Monmouthshire County Council (MCC) refused outline planning permission for 340 houses in Sudbrook (in South Monmouthshire) because of concerns about the scale of the development which would triple the size of the village. The proposed development put forward by Harrow Estates Plc (a part of the Redrow Group) which specialises in land acquisition) proposed the development of some 340 houses with new roads and infrastructure, public spaces and landscaping, etc.

After MCC throughout the planning application, Harrow Estates Plc naturally appealed, hence the ongoing (4 day) Planning inquiry. Sudbrook it should be noted has around 150 houses with the nearest secondary school and shopping area being some 3 kilometres away in Caldicot. Sudbrook, now without its paper mill (which closed in 2006) sits pretty much in the shadow of the Second Severn Crossing. The village has five buses a day and is about an hour’s walk away from the nearest railway station. 

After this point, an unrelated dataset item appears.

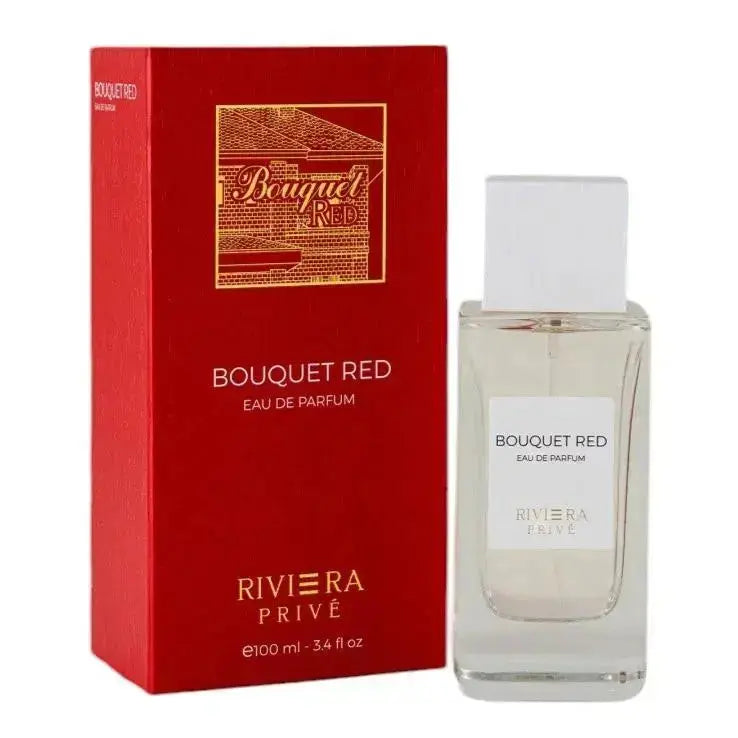 Bouquet Red 100ml Eau De Parfum Riviera Prive by Gulf Orchid.|almanaar Islamic Store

The scale of the development managed to motivate Monmouthshire’s Planning Office to object because of the large number of houses in the proposed development. Now don’t get me wrong, there is room for well planned and integrated (and affordable) housing development along the increasingly crowded costal fringe of south Monmouthshire. I question just exactly who these proposed houses are for? and how they will be marketed?

No doubt (as has happened previously) all sorts of offers will be included with any purchase house (should the planning appeal be granted) including perhaps free bridge tools for a year, etc.  Just exactly what is in for local residents who happen not to work across the Severn Bridges for one thing?

Simply building houses in south Monmouthshire to cash in on the projected housing shortage in the Bristol area is not acceptable, it fails to solve the local housing shortage. I have no doubt that local residents will be effectively priced out of the market. As any proposed houses will be priced to maximise profits and effectively marketed and sold in Bristol (as has happened in the past).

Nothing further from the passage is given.